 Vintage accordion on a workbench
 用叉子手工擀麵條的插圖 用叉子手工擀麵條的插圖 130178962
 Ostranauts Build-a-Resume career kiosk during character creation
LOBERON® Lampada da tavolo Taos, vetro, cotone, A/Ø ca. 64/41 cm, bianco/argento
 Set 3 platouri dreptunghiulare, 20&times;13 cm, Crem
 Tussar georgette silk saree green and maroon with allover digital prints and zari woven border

*****

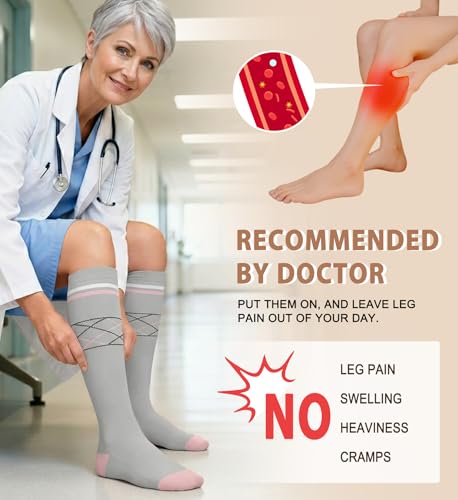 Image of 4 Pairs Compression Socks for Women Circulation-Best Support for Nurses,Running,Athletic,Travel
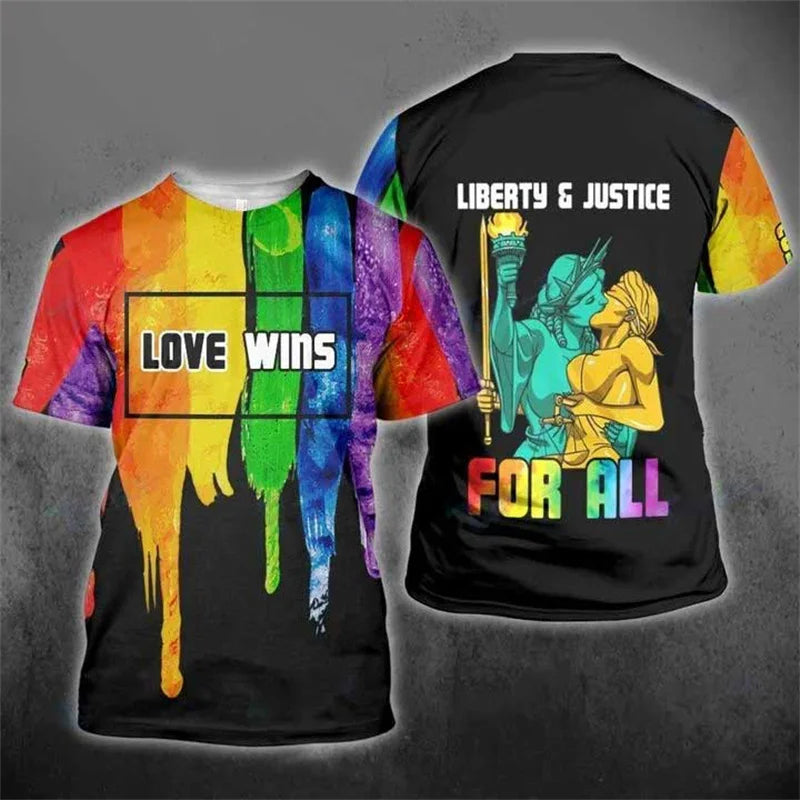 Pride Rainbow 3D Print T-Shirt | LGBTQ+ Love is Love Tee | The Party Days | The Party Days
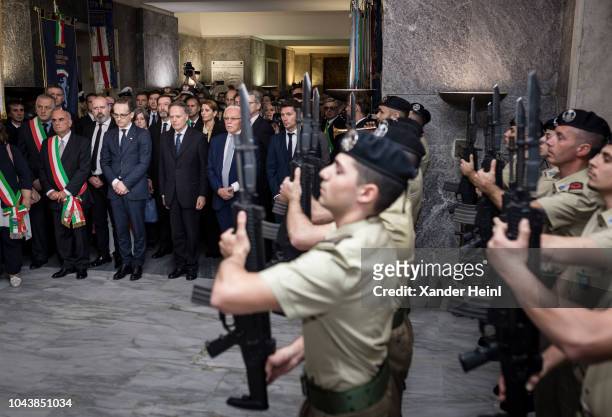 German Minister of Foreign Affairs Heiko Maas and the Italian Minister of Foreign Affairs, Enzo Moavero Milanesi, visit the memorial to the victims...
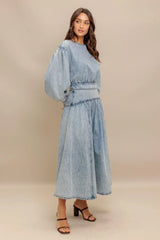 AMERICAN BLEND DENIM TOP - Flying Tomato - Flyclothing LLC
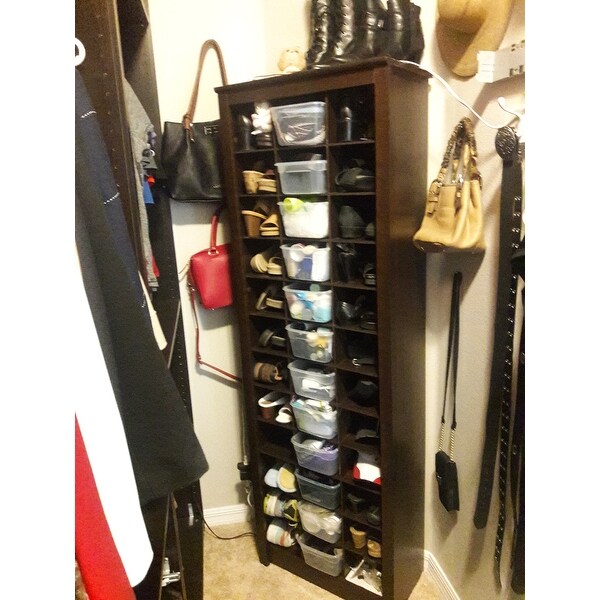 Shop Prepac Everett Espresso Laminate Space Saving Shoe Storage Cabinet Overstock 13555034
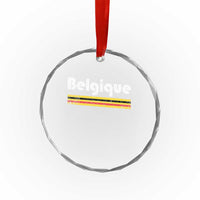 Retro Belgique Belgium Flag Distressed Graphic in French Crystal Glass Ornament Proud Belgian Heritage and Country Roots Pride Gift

*****

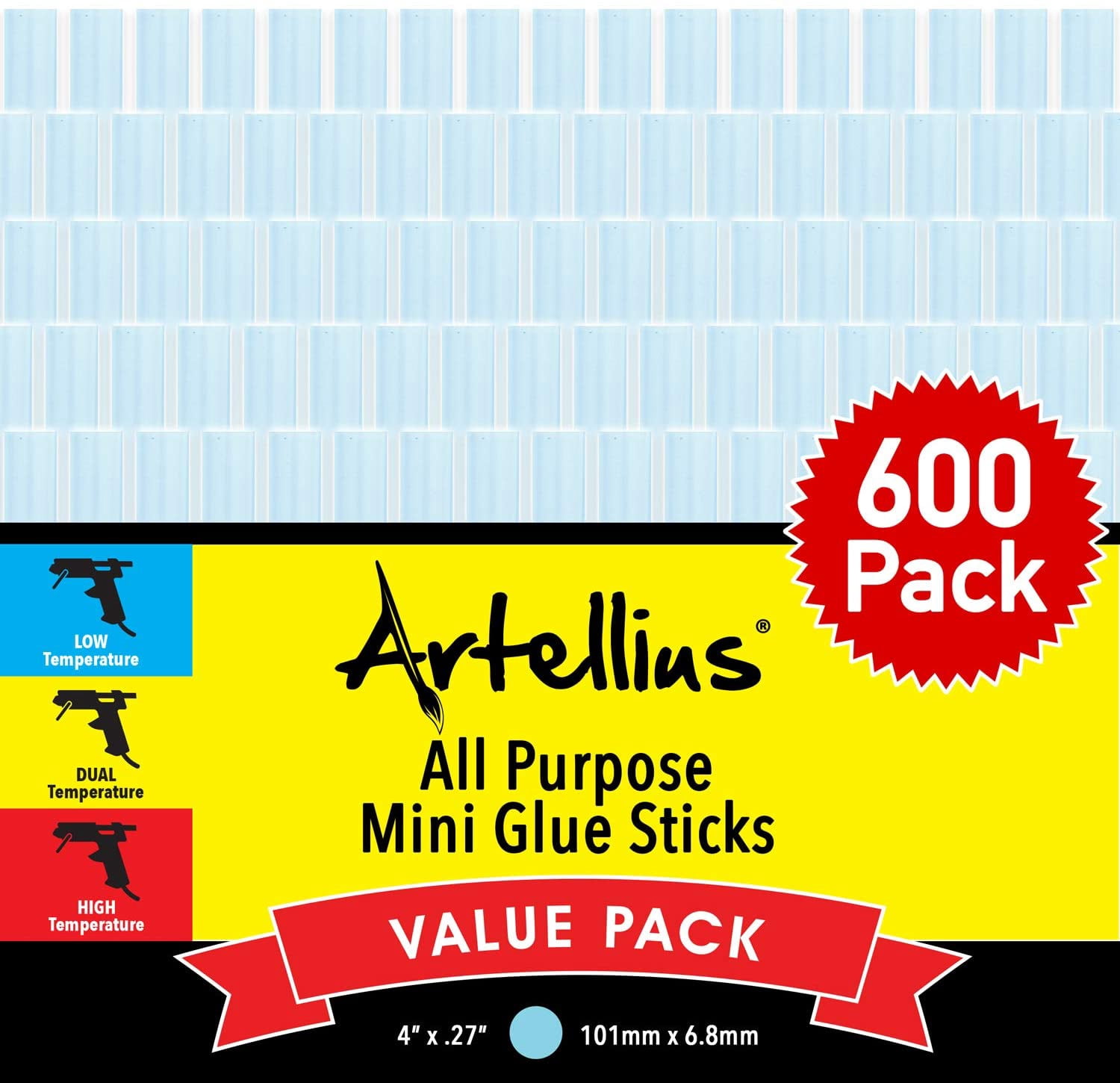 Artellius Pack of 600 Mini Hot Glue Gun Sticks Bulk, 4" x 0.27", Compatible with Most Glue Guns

*****

§ **REQUIRED ACTION**
The entries above hold a line with "LOBERON® Lampada da" and a later line with "Tussar georgette silk". Write out exactly those lines and all lines between, nothing more.

§ **RESULT FOR THIS TASK**
LOBERON® Lampada da tavolo Taos, vetro, cotone, A/Ø ca. 64/41 cm, bianco/argento
 Set 3 platouri dreptunghiulare, 20&times;13 cm, Crem
 Tussar georgette silk saree green and maroon with allover digital prints and zari woven border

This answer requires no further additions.